How to replace CUDA function to single threaded CPU functions?

Hello,
I’m trying to debug my cuda program but i look very unpractical to me to do as it is multithreaded as you have to select the warps, and also have two debugger if you want to debug both cpu and gpu at the same time. Also I searched for a single threaded debugging mode but it doesn’t seems to exist then I decided to modify the functions when I am in debugging configuration by adding #ifdef _DEBUG lines.
Like that :

#ifndef DEBUG
__global__
#endif
void add(int n, float *x, float *y)
{
  int index = threadIdx.x;
  int stride = blockDim.x;
  for (int i = index; i < n; i += stride)
      y[i] = x[i] + y[i];
}

And :

int blockSize = 256;
int numBlocks = (N + blockSize - 1) / blockSize;
ifdef _DEBUG
        gridDim.x = numBlocks;
        blockDim.x = blockSize;
        for (threadIdx.x = 0; threadIdx.x < blockSize; threadIdx.x++)
            for (blockIdx.x = 0; blockIdx.x < numBlocks; blockIdx.x++)
                add(N, x, y);
#else
        add<<<numBlocks, blockSize>>>(N, x, y);
        cudaDeviceSynchronize();
#endif // _DEBUG

It could work but the compiler complain about gridDim.x, blockDim.x, threadIdx.x and blockIdx.x not beeing editable.

I tried that :

#ifdef _DEBUG

    #define __global__
    uint3 threadIdx;
    uint3 blockIdx;
    uint3 blockDim;
    uint3 gridDim;

#else

    #include "cuda_runtime.h"
    #include "device_launch_parameters.h"

#endif

But it doesn’t like this anymore giving a declaration is incompatible with “const uint3 threadIdx”. My c++ knowledge is not enough extended to find the solution.
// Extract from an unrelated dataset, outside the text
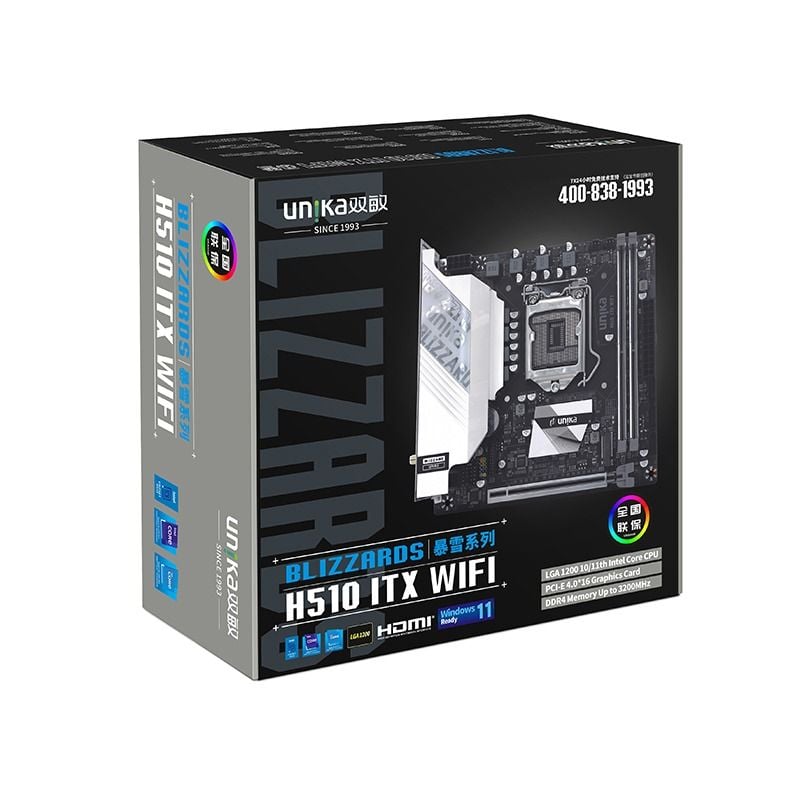 Mainboard Unika H510M.ITX DDR4 | LGA 1200, Mini-ITX, 2 khe RAM - Ảnh 2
I could change all my kernels like that :

void add(int n, float *x, float *y)
{
  #ifdef _DEBUG
     int index=mythreadidxx;
     int stride=myblockdimx;
  #else
     int index = threadIdx.x;
     int stride = blockDim.x;
  #endif

  for (int i = index; i < n; i += stride)
      y[i] = x[i] + y[i];
}

But it would make the code heavier again.

Thank you in advance.

Use grid-stride looping with one block per grid and one thread per block. See https://devblogs.nvidia.com/cuda-pro-tip-write-flexible-kernels-grid-stride-loops/ for details. That will make a CUDA kernel run serially.

Do you mean setting <<<1, 1>>> ? If yes I can’t because I designed my code to work with the data dimensions.

grid stride loop:

https://devblogs.nvidia.com/cuda-pro-tip-write-flexible-kernels-grid-stride-loops/